View unanswered posts | View active topics It is currently Sat Apr 27, 2024 7:29 pm



Reply to topic  [ 67 posts ]  Go to page Previous  1, 2, 3, 4, 5  Next
 Qupls (Q+) 
Author Message

Joined: Sat Feb 02, 2013 9:40 am
Posts: 2095
Location: Canada
Made this pretty block diagram of Q+.
Attachment:
File comment: Block Diagram of Q+
Qupls.png
Qupls.png [ 52.27 KiB | Viewed 722 times ]

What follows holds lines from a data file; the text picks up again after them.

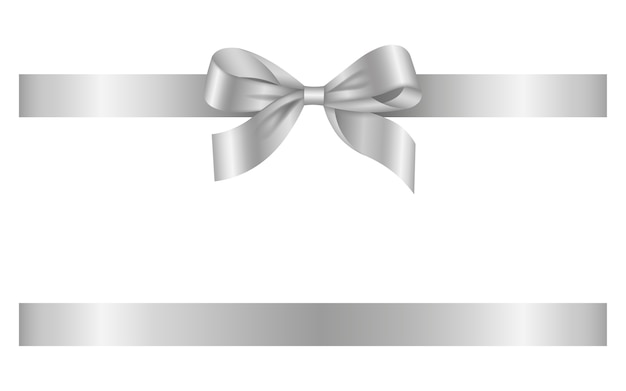 Silver bow and ribbon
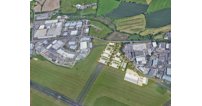 A birds eye view of the site for the new CGX Connect centre at Gloucestershire Airport.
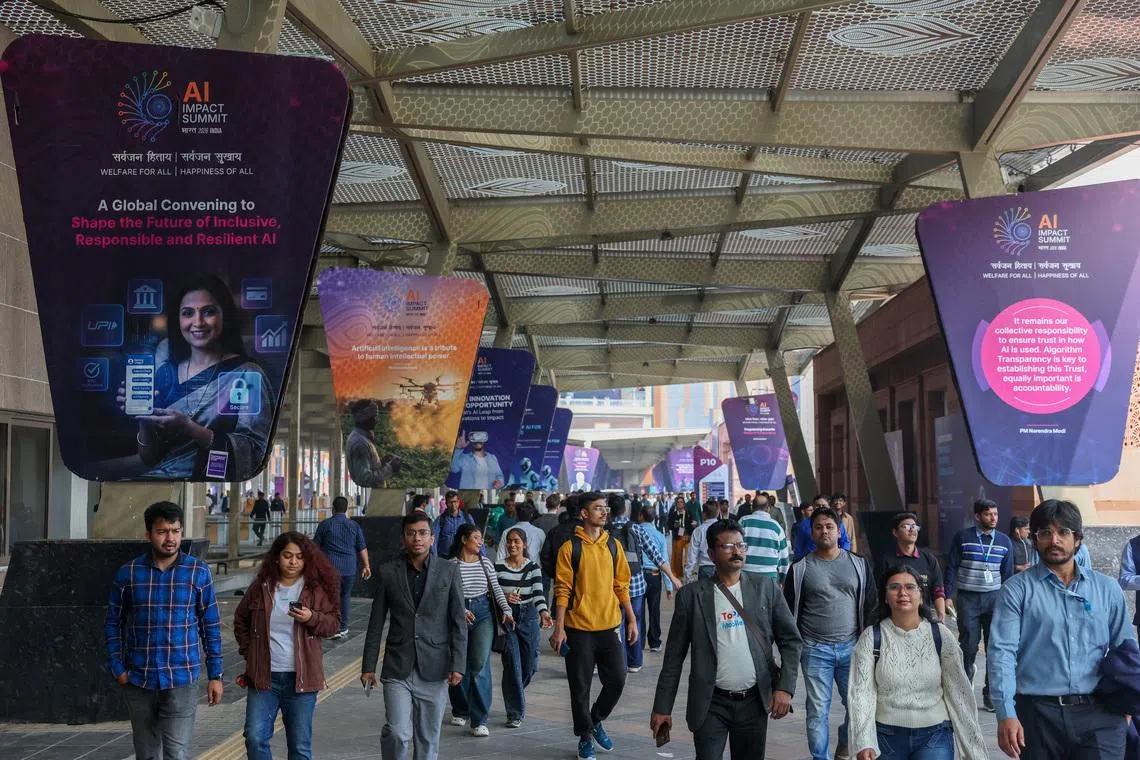 Visitors arrive at Bharat Mandapam, one of the venues for AI Impact Summit, in New Delhi, India, February 20, 2026. REUTERS/Bhawika Chhabra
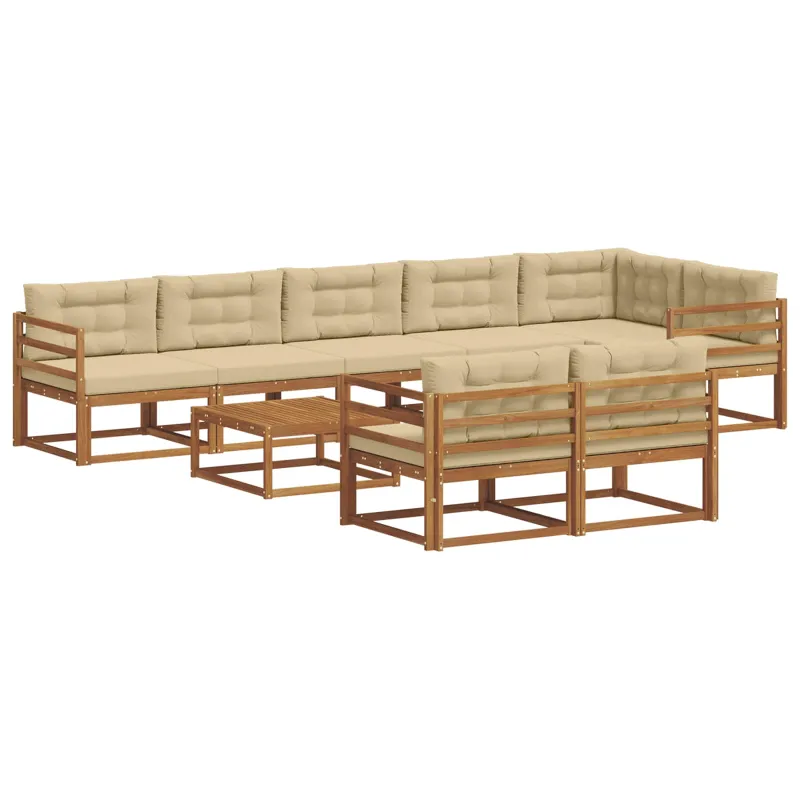 Lauko sofos komplektas su pagalve 9 pcs Natūralus ir bežinis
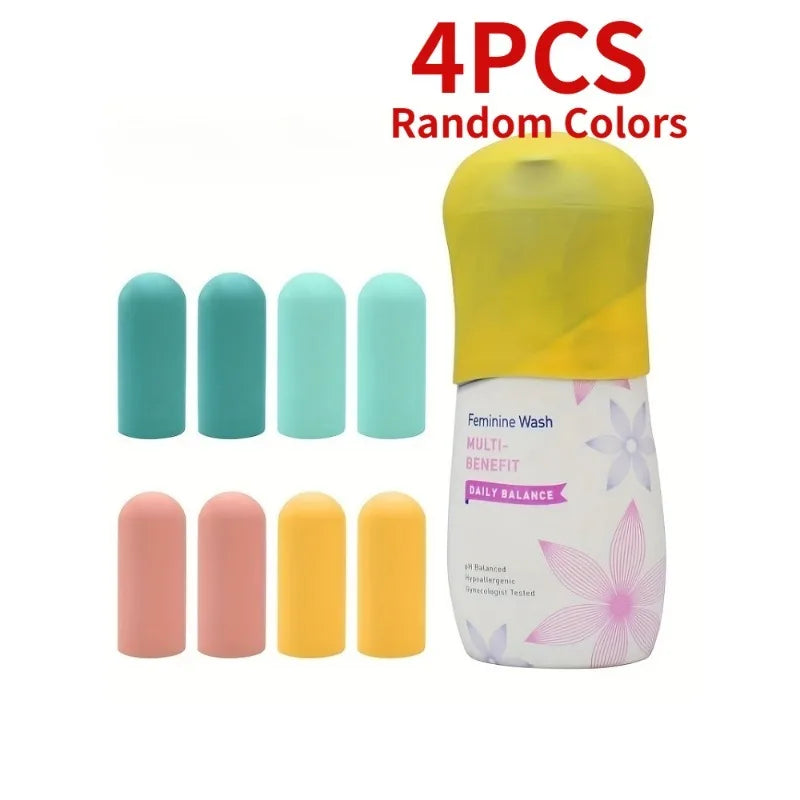 Silicone Travel Bottle Covers 4-Pack - Leakproof, Reusable Toiletry Accessories
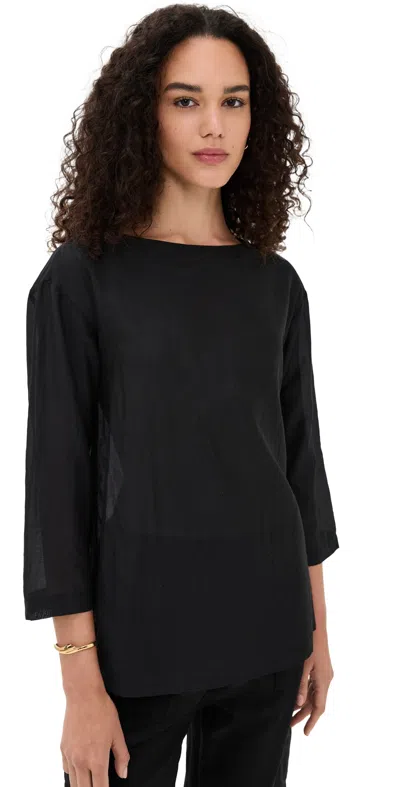 Donni The Silk Cotton Sheer Boatneck Shirt Jet In Black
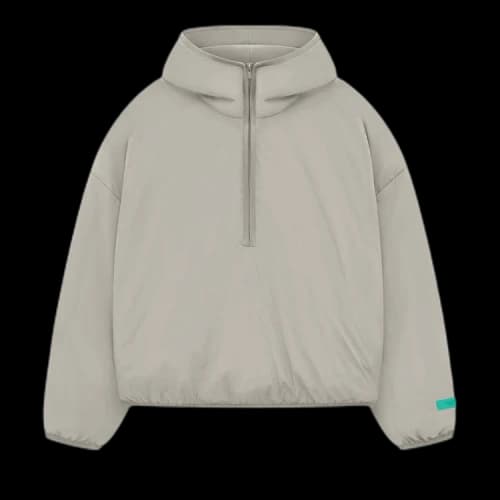 Fear of God Essentials Nylon Filled Half Zip Hoodie 'Seal'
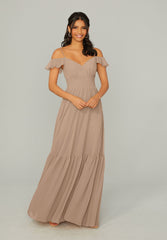A Line Long Formal Ruffle Dress MGNY Madeline Gardner New York 21768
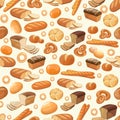 Vector bakery seamless pattern with cartoon bread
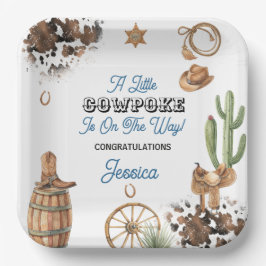 Western Theme Boy Baby Shower Pappteller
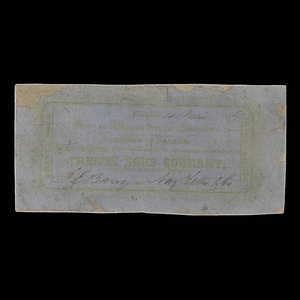 Canada, Naz. Tetu & Co., 30 sous : May 14, 1859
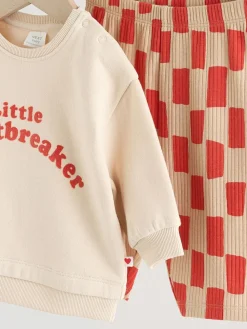 Next Neutral/Red Heartbreaker Sweatshirt and Leggings Baby Set (0mths-2yrs)^BOY Sweatshirts & Hoodies|Sets & Co-Ords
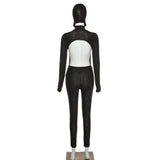 Women's Spring Clothing Long Sleeve High Neck Sexy Backless Hip Raise Skinny Sports Jumpsuit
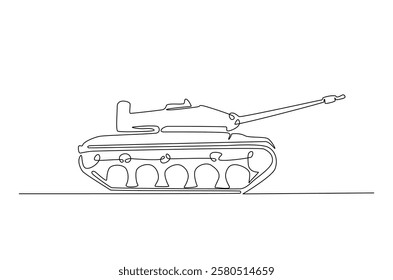 Military tank in continuous one line drawing. Single line art draw of army battle tank. Editable vector.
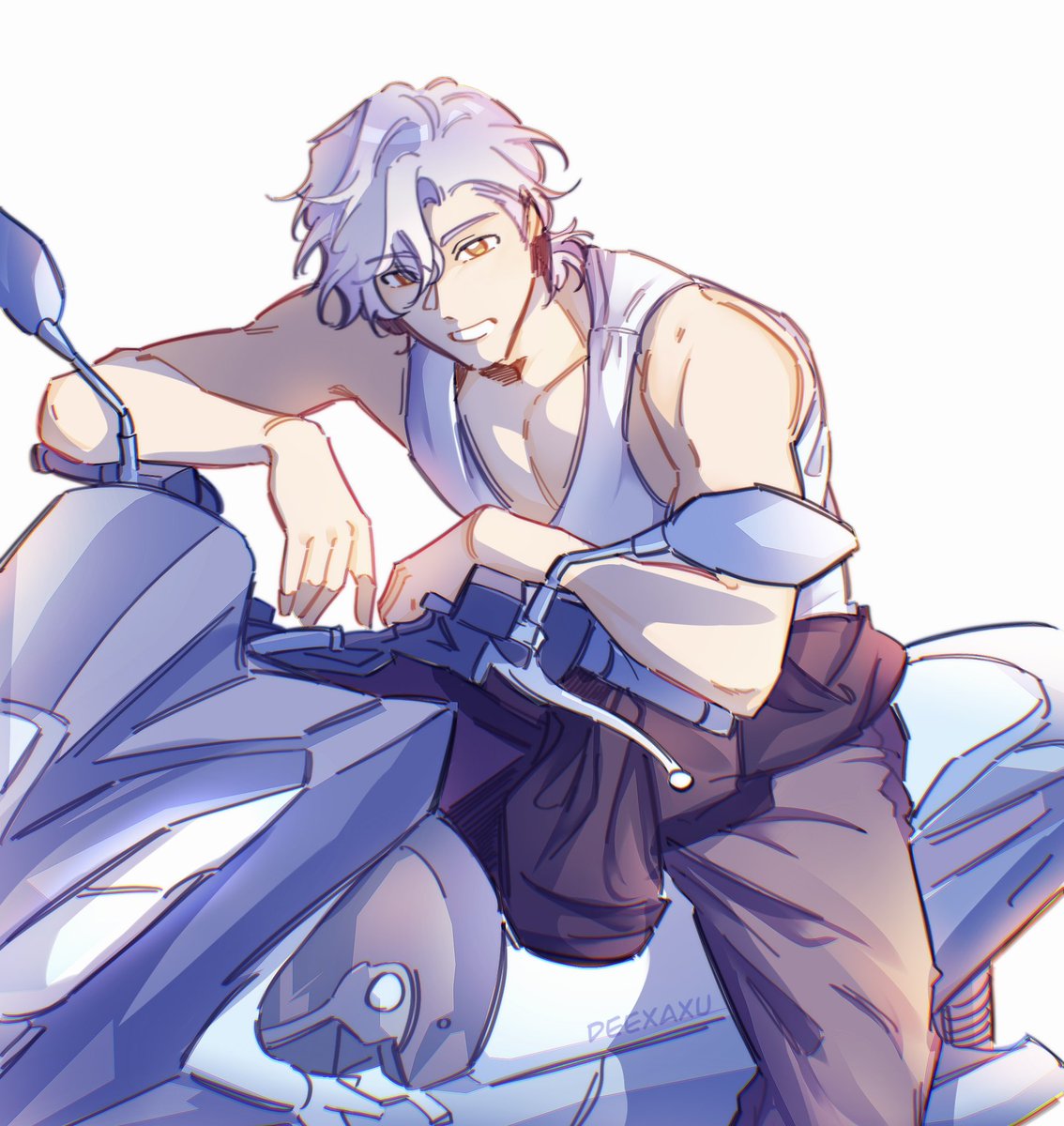 deexaxu_'s tweet photo. Biker caelus🗣️ #caeheng #dancae #Caelus #HonkaiStaiRail https://t.co/2zu7rvYPbE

Still working on branches.
Got ENTER and LEAVE working with the compiler and assembler.

_________________
Robert Finch http://www.finitron.ca


Sat Jan 27, 2024 5:56 am
Profile WWW

Joined: Wed Jan 09, 2013 6:54 pm
Posts: 1783
oh thanks - I do like a block diagram! A very good way to get a handle on things.


Sat Jan 27, 2024 9:07 am
Profile

Joined: Sat Feb 02, 2013 9:40 am
Posts: 2095
Location: Canada
Latest Changes:
Discovered the CHK instruction did almost the same thing as the SYS instruction, so got rid of the SYS instruction and rearranged the opcodes a little bit. CHK invokes an exception handler if the check fails, while SYS always invokes an exception handler. Using a CHK that always fails does the same thing. The CHK instruction accepts an argument specifying the exception cause code. The CHK instruction was also made more powerful, allowing it to do privilege level checks, and the stack canary check too.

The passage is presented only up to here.